Cross-posted at Education Week.
For most of us, the pantheon of education is populated mainly by great teachers. For others, it is populated by researchers who have made indelible contributions to the literature or critics who provided intellectual leadership for ground-breaking reforms.
But, for me, the prize goes to a handful of people whose contributions are of another sort, people whose unique gift is the ability to envision the contours of entire education systems that propel hundreds of thousands or even millions of students to a level of success rarely achieved at that scale, and, even harder, to persuade countless others of the merits of that vision and so nudge it into reality elsewhere.
Sing Kong Lee was such a person. Sing Kong died of a heart attack in Singapore last Friday. He was 65. It is hard for me to imagine the world without him in it. He was a short man in measured height only, for he filled any room he found himself in. When he leaned forward in his chair, hand in the air, his voice booming, everything else faded into the background and the room was rapt with attention.
When I first met him, years ago, he was director of the National Institute of Education of Singapore, which he had built into one of the leading schools of education in the world by sheer force of will. He would have been the first to deny that, for he was very much part of a society in which all important achievements are the result of collective action and joint leadership. But, as a Westerner, I will perhaps be forgiven for seeing Sing Kong as a uniquely effective driver in a collective of remarkably able people.
Education was a second career for him. He started out as an agronomist, a man of plants. This was no small thing in Singapore, one of the most densely populated places on the planet. Land there is impossibly valuable and therefore impossibly expensive; too expensive to be used for agricultural purposes. In almost any other place, it would have been chock full of high rise buildings, choked streets and filthy air. But Lee Kwan Yew, Singapore’s iconic leader through all of the country’s formative years, decreed otherwise. He wanted Singapore to be a garden. And Sing Kong became one of the principal “gardeners,” figuring out how to grow all manner of things on rooftops and even the sides of buildings, thus adding greatly to Singapore’s beauty as well as its capacity to cool itself off, capture carbon and clean its air. His accomplishments as an agronomist were celebrated not only in Singapore but abroad as well.

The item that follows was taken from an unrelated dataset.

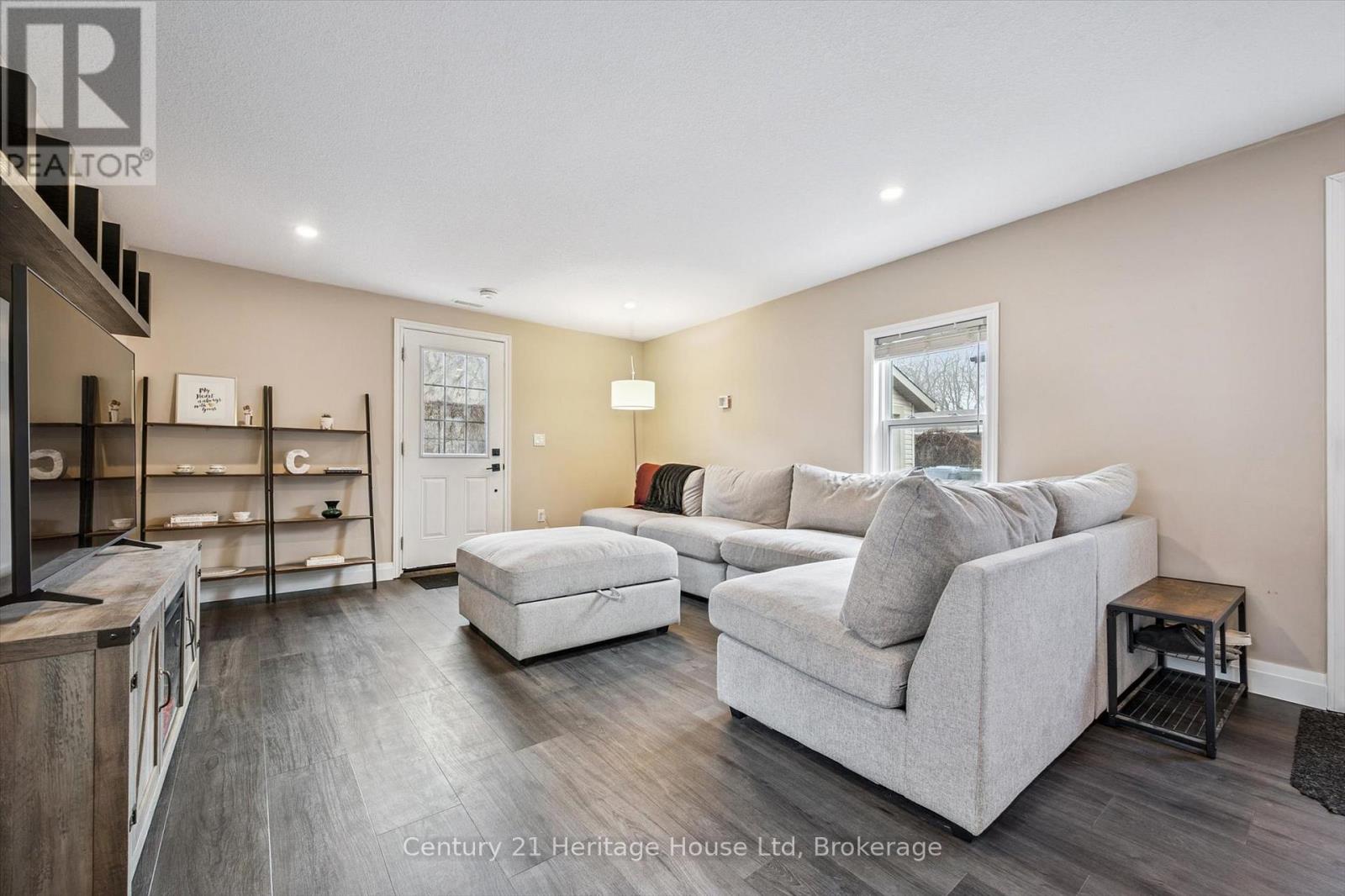 16 Hooper Street, Guelph (St. Patrick's Ward), Ontario  N1E 5W5 - Photo 12 - X12875110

That would have been enough to satisfy most of us, but Sing Kong went on to become the director of the National Institute of Education, Singapore’s only institution for the education and training of school teachers and leaders. I remember sitting in his office, listening to him in wonder. He was like no other education school dean I had ever met. Many in a position like that see their responsibility as being to the institution and its faculty. There was no doubt that he felt that responsibility, but it was clear that he mainly saw himself as responsible to the whole Singapore education system and to all the young people it served. He saw the system whole and had a very clear vision of the principles that should govern its operation. He could dream with the best of them but he was no dreamer. He was absolutely convinced that virtually all Singaporean children could collectively set the world standard for achievement and was determined to make it happen. He had carefully studied education systems in every corner of the world, knew their strengths and weaknesses and used what he had learned to help design systems that would work better than any he had seen. He had a remarkable capacity to see the parts in detail while keeping in mind the contours of the system as a whole.

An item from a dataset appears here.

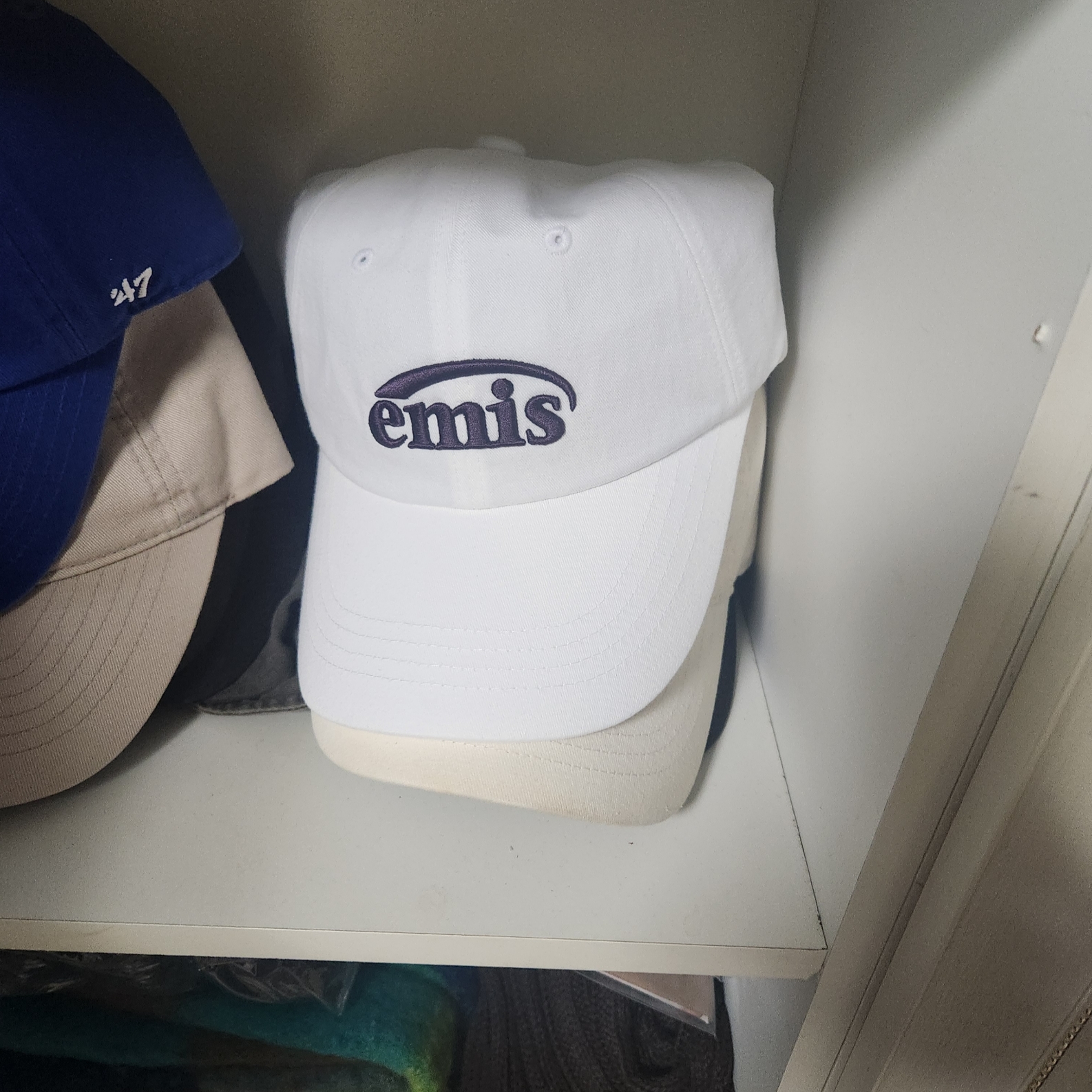 Emis New Logo Emis Cap White 착용 스타일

No one I have ever met more completely exemplified in practice in the field of education the principles described years earlier by Peter Drucker, perhaps the most astute student of leadership in business the United States has ever produced. Drucker observed that the days of the reign of the forms of organization associated with mass production manufacturing had come to an end and the future belonged to companies and countries that embraced “knowledge work” and learned how to manage “knowledge workers.” What Drucker meant by knowledge work was professional work and what he meant by knowledge workers was professionals. He believed the future belonged to firms and companies that hired supremely competent professionals, gave them a goal, provided the right, carefully structured incentives and then got out of their way, while at the same time providing them as much support as possible.

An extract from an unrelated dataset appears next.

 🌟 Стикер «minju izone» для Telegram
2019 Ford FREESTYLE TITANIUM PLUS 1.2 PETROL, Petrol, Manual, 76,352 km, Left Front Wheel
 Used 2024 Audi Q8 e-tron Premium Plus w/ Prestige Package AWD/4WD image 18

I believe that was Sing Kong’s guiding vision for the schools. He wanted Singapore to develop a true profession of teaching, a profession modelled not on the industrial model of organization but on a modern model more like that of the top-notch professional services organization, a career that could attract and retain many of Singapore’s outstanding high school graduates, that could inspire such teachers to get better and better at their work, through their entire careers. And, working with his colleagues in the Ministry and beyond, he set about to build that model and make it happen.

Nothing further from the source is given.